Embeddings: Interactive exercises

The following widget, based on TensorFlow's Embedding Projector, flattens 10,000 word2vec static vectors into a 3D space. This collapse of dimensions can be misleading, because the points closest to each other in the original high-dimensional space may appear farther apart in the 3D projection. The closest n points are highlighted in purple, with n chosen by the user in Isolate __ points. The sidebar on the right identifies those nearest neighbors.

In these experiments, you'll play with the word2vec embeddings in the widget above.

Task 1

Try to find the 20 nearest neighbors for the following, and see where the groups fall in the cloud.

  • iii, third, and three
  • tao and way
  • orange, yellow, and juice

What do you notice about these results?

Click here for our answer

Even though iii, third, and three are semantically similar, they appear in different contexts in text and don't appear to be close together in this embedding space.

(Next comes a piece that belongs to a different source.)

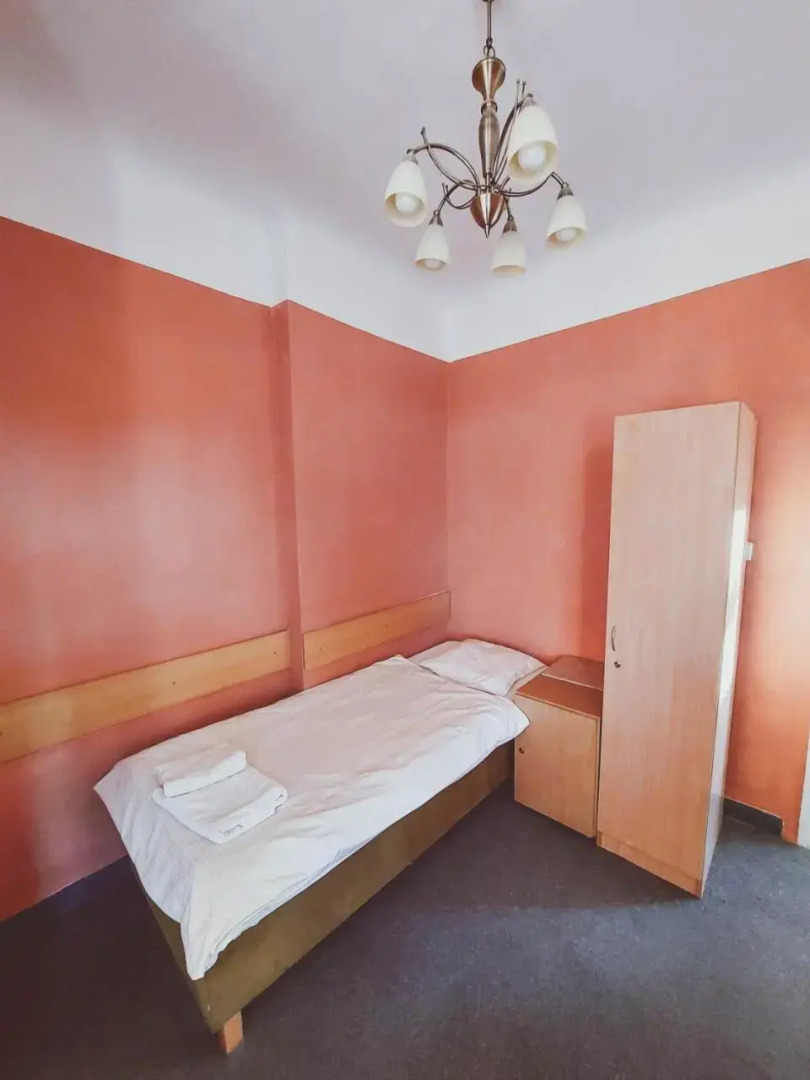 Willa Pod Starymi Lipami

In word2vec, iii is closer to iv than to third.

Similarly, while way is a direct translation of tao, these words most frequently occur with completely different groups of words in the dataset used, and so the two vectors are very far apart.

The first several nearest neighbors of orange are colors, but juice and peel, related to the meaning of orange as fruit, show up as the 14th and 18th nearest neighbors. prince, meanwhile, as in the Prince of Orange, is 17th. In the projection, the words closest to orange are yellow and other colors, while the closest words to juice don't include orange.

Task 2

Try to figure out some characteristics of the training data. For example, try to find the 100 nearest neighbors for the following, and see where the groups are in the cloud:

  • boston, paris, tokyo, delhi, moscow, and seoul (this is a trick question)
  • jane, sarah, john, peter, rosa, and juan

Click here for our answer

Many of the nearest neighbors to boston are other cities in the US. Many of the nearest neighbors to paris are other cities in Europe. tokyo and delhi don't seem to have similar results: one is associated with cities around the world that are travel hubs, while the other is associated with india and related words. seoul doesn't appear in this trimmed-down set of word vectors at all.

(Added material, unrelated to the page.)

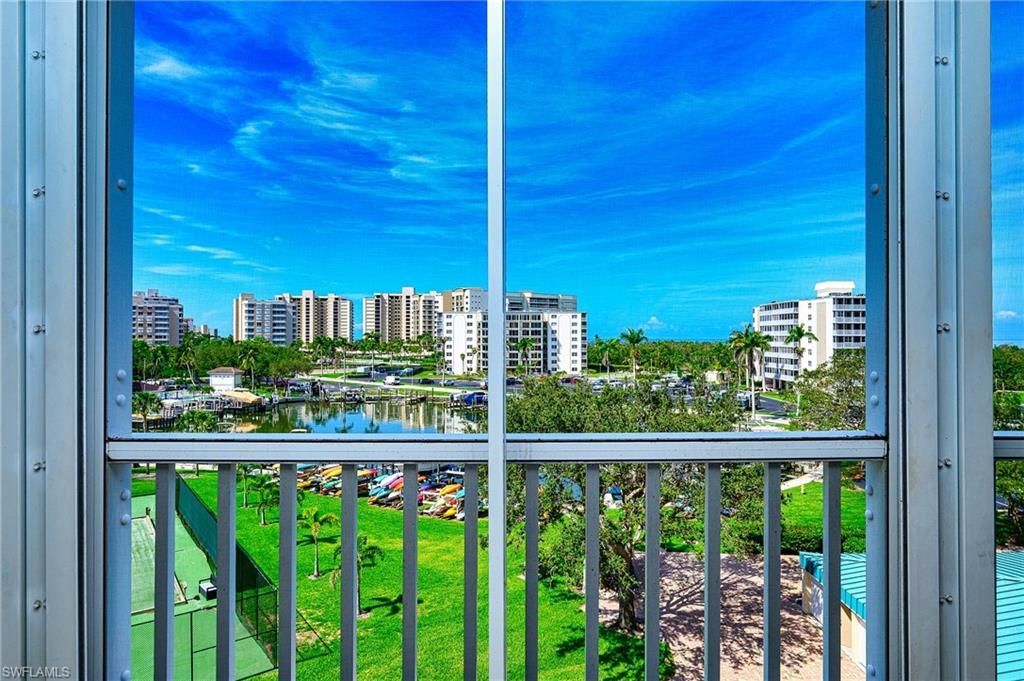 25 Bluebill Ave, Unit 403, Naples, FL 34108 Photo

It seems that this dataset contains many documents related to US national geography, some documents relate to European regional geography, and not much fine-grained coverage of other countries or regions.

Similarly, this dataset seems to contain many male English names, some female English names, and far fewer names from other languages. Note that Don Rosa wrote and illustrated Scrooge McDuck comics for Disney, which is the likely reason that `scrooge` and `mcduck` are among the nearest neighbors for `rosa`.

The pre-trained word vectors offered by word2vec were in fact trained on Google News articles up to 2013.

Task 3

Embeddings aren't limited to words. Images, audio, and other data can also be embedded. For this task:

  1. Open TensorFlow's Embedding Projector.
  2. In the left sidebar titled Data, choose Mnist with images. This brings up a projection of the embeddings of the MNIST database of handwritten digits.
  3. Click to stop the rotation and choose a single image. Zoom in and out as needed.
  4. Look in the right sidebar for nearest neighbors. Are there any surprises?
  • Why do some 7s have 1s as their nearest neighbor? Why do some 8s have 9 as their nearest neighbor?
  • Is there anything about the images on the edges of the projection space that seem different from the images in the center of the projection space?

Keep in mind that the model that created these embeddings is receiving image data, which is to say, pixels, and choosing a numerical vector representation for each image. The model doesn't make an automatic mental association between the image of the handwritten digit and the numerical digit itself.

Click here for our answer

Due to similarities in shape, the vector representations of some of the skinnier, narrower 7s are placed closer to the vectors for handwritten 1s. The same thing happens for some 8s and 9s, and even some of the 5s and 3s.

The handwritten digits on the outside of the projection space appear more strongly definable as one of the nine digits and strongly differentiated from other possible digits.